Mr. Krull, of OC, said the firm will revise its repayment plan as the judge makes his wishes known during the approval process.

If Judge Wolin approves the plan and disputes remain, creditors would be free to seek a court order delaying its implementation. They could then file an appeal with the Third Circuit Court of Appeals in Philadelphia. Such an appeal, lawyers say, could delay the Toledo firm's emergence from bankruptcy by six months or more.

Even so, OC officials and company lawyers say the firm could exit Chapter 11 by early next year. “I'm cautiously optimistic that Owens Corning will emerge from Chapter 11 in the first quarter of 2004,” said Norman Pernick, an OC lawyer in Delaware.

A number of secondary disputes could be delayed until then, Mr.
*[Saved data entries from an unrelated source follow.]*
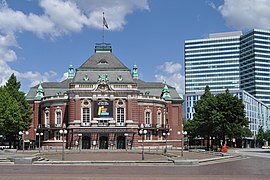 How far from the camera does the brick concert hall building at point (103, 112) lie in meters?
88.0

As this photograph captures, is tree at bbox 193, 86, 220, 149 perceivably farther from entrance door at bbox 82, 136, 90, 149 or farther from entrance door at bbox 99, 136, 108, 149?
entrance door at bbox 82, 136, 90, 149

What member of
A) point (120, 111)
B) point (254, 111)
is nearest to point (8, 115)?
point (120, 111)

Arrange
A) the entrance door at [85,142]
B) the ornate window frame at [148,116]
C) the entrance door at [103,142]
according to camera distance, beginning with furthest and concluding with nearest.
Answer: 1. the ornate window frame at [148,116]
2. the entrance door at [103,142]
3. the entrance door at [85,142]

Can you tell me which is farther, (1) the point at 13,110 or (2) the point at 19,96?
(2) the point at 19,96

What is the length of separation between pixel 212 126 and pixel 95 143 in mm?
24868

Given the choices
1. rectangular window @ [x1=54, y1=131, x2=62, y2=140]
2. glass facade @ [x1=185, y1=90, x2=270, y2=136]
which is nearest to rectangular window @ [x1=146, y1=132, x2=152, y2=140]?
rectangular window @ [x1=54, y1=131, x2=62, y2=140]

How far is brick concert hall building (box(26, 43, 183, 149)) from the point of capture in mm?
88000

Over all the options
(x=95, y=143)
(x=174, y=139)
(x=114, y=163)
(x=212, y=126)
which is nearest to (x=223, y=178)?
(x=114, y=163)

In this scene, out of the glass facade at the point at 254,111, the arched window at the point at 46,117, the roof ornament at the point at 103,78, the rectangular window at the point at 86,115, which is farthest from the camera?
the glass facade at the point at 254,111

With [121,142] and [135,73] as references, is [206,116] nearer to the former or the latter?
[121,142]

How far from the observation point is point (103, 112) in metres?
88.2

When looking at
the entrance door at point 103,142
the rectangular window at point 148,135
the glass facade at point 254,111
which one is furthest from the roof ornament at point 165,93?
the glass facade at point 254,111

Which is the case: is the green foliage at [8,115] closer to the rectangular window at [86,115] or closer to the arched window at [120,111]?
the rectangular window at [86,115]

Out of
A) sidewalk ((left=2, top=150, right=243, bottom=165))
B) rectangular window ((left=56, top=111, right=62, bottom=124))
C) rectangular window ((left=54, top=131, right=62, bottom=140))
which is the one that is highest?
rectangular window ((left=56, top=111, right=62, bottom=124)) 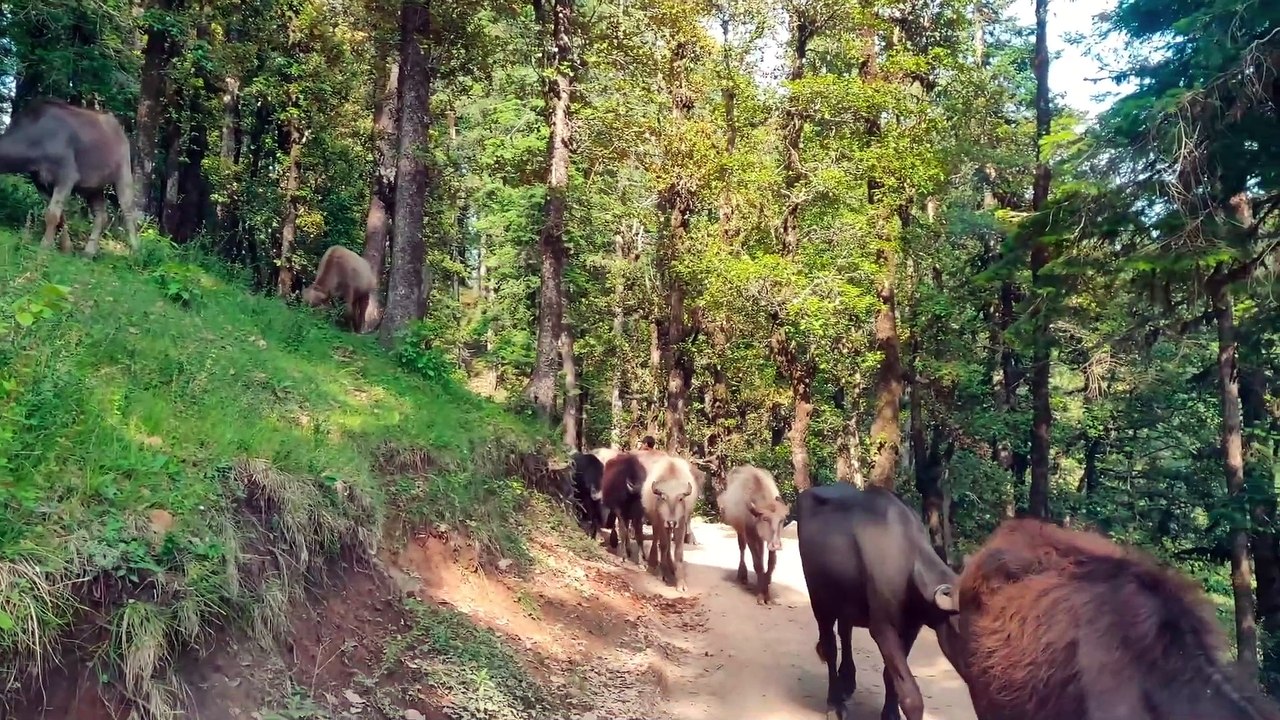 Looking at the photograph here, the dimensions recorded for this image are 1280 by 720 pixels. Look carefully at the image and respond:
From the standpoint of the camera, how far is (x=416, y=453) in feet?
28.5

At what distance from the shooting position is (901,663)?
706cm

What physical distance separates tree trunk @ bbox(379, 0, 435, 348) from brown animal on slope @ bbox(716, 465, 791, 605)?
576cm

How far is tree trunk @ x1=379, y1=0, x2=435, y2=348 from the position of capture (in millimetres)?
12773

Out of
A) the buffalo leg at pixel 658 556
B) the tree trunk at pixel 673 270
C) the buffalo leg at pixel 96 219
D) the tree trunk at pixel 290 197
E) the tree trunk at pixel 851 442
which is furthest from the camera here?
the tree trunk at pixel 851 442

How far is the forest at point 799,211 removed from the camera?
35.2 ft

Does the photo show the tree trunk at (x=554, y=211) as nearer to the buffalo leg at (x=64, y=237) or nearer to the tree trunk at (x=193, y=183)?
the buffalo leg at (x=64, y=237)

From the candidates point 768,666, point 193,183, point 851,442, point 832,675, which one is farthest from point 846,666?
point 193,183

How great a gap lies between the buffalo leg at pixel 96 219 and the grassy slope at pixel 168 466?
29 centimetres

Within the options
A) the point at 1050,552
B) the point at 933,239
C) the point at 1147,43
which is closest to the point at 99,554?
the point at 1050,552

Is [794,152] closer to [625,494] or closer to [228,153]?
[625,494]

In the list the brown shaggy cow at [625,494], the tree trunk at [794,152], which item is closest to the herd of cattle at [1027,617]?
the brown shaggy cow at [625,494]

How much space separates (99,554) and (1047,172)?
14.2 meters

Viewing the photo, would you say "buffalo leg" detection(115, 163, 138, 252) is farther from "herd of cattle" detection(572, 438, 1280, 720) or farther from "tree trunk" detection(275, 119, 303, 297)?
A: "herd of cattle" detection(572, 438, 1280, 720)

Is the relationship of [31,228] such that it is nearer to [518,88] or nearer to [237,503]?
[237,503]
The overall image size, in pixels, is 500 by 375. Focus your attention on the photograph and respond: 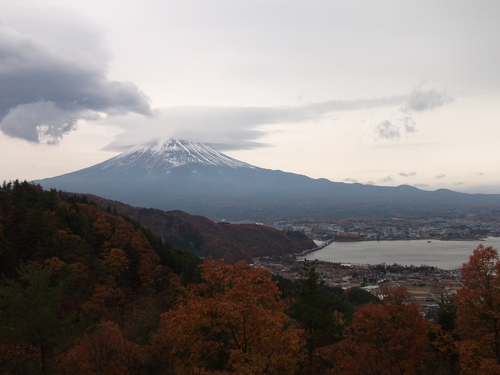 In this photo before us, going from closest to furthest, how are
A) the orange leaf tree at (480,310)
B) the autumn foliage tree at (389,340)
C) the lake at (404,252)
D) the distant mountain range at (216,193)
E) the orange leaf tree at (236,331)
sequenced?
1. the orange leaf tree at (236,331)
2. the orange leaf tree at (480,310)
3. the autumn foliage tree at (389,340)
4. the lake at (404,252)
5. the distant mountain range at (216,193)

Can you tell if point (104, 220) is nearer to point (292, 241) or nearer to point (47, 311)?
point (47, 311)

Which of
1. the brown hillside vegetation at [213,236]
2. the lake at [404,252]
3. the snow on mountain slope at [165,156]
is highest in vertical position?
the snow on mountain slope at [165,156]

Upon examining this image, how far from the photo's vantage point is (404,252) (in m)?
53.1

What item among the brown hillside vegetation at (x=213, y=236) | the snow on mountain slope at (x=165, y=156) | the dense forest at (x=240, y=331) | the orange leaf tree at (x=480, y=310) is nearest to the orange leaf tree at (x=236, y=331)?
the dense forest at (x=240, y=331)

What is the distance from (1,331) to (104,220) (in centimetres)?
1264

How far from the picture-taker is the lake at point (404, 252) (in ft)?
146

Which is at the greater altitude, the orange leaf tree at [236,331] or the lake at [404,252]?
the orange leaf tree at [236,331]

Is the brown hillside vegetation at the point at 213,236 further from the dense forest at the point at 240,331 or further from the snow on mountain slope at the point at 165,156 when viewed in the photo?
the snow on mountain slope at the point at 165,156

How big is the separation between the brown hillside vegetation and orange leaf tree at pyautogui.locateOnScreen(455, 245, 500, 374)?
39186 millimetres

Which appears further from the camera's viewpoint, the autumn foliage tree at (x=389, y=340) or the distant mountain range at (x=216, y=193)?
the distant mountain range at (x=216, y=193)

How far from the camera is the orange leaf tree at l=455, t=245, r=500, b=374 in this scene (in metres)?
6.82

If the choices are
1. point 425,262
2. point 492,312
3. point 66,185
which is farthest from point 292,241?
point 66,185

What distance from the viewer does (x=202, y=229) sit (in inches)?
2153

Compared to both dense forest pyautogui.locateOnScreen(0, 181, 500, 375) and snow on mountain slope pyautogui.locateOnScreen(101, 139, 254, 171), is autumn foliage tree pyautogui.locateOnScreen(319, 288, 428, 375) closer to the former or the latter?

Pernick said.

They include OC's demand that big stockholders return dividends paid during a period when OC may have been technically insolvent, efforts to recoup asbestos claims settlement money received by lawyers on behalf of clients in the months before Chapter 11, and attempts to win back some of the money OC paid for asbestos-liability-laden Fibreboard, Corp. in 1997.

Unaffected by developments in bankruptcy court are lawsuits filed by bond holders and shareholders in federal courts in Boston and Toledo, naming retired Chief Executive Glen Hiner and a number of other officers and directors - but not the company - as defendants. The lawsuits, whose primary target are OC's professional liability insurers, allege that officials deceived plaintiffs about the company's true financial health and other wrongdoing.

Bloomberg News Service contributed to this report.